First out was the FCA ‘Dear CEO’ letter, which included a strong statement for brokers. According to the letter, ‘brokers in wholesale markets have made less progress than other sectors in embedding a culture of good conduct, and so action to raise standards across the sector has become urgent.’ The letter identified four key areas where wholesale brokers are often seen to be deficient:

  • Remuneration – some compensation arrangements incentivise poor conduct, and don’t properly balance financial outcomes with other qualitative factors
  • Governance – firms may fail to balance the individual power of highly successful brokers with the need for appropriate senior management and board oversight
  • Trading capacity – trading arrangements are often complex, and firms are perceived to have poor visibility of the trading capacity in which they are acting for individual transactions. (For example as the trade agency, matched principal or on an OTF)
  • Financial crime and market abuse – the FCA has identified a complacent attitude amongst brokers when it comes to their obligations to prevent financial crime and detect market abuse. At the same time, the Regulator believes the risk faced by firms is inherently high, particularly for market abuse.

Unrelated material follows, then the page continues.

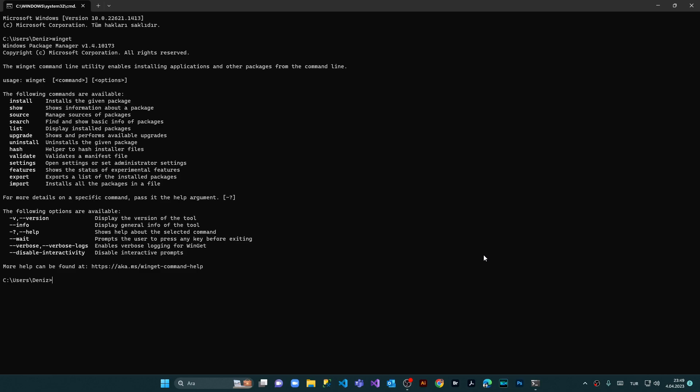But for this specific example we're gonna use the upgrade method which is the most common method in order to upgrade every single software. Here I'm gonna clear the screen with CLS and I'm running the command 'winget upgrade --all' and I press Enter. We are waiting. Windows is now calculating which softwares are available on my computer.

Hot on the heels of the Dear CEO letter, came the FCA’s report on Payment for Order Flow (PFOF). The report focused primarily on technical interpretations on the broking process, and the implications for PFOF resulting from different broking practices. The conclusion reached was that, while many firms have notionally stopped making PFOF, there are pockets of non-compliance, and a poor understanding of how PFOF may arise in certain trading scenarios.

None of the issues raised in either document are new –  indeed many have been raised repeatedly by the FCA over the past five years or more. As such, there is a sense that the risk of regulatory censure for firms still failing to comply is rising.

If you’re a wholesale broker, you should have a look at your compliance controls as soon as possible to make sure you meet the FCA’s standards if they come calling.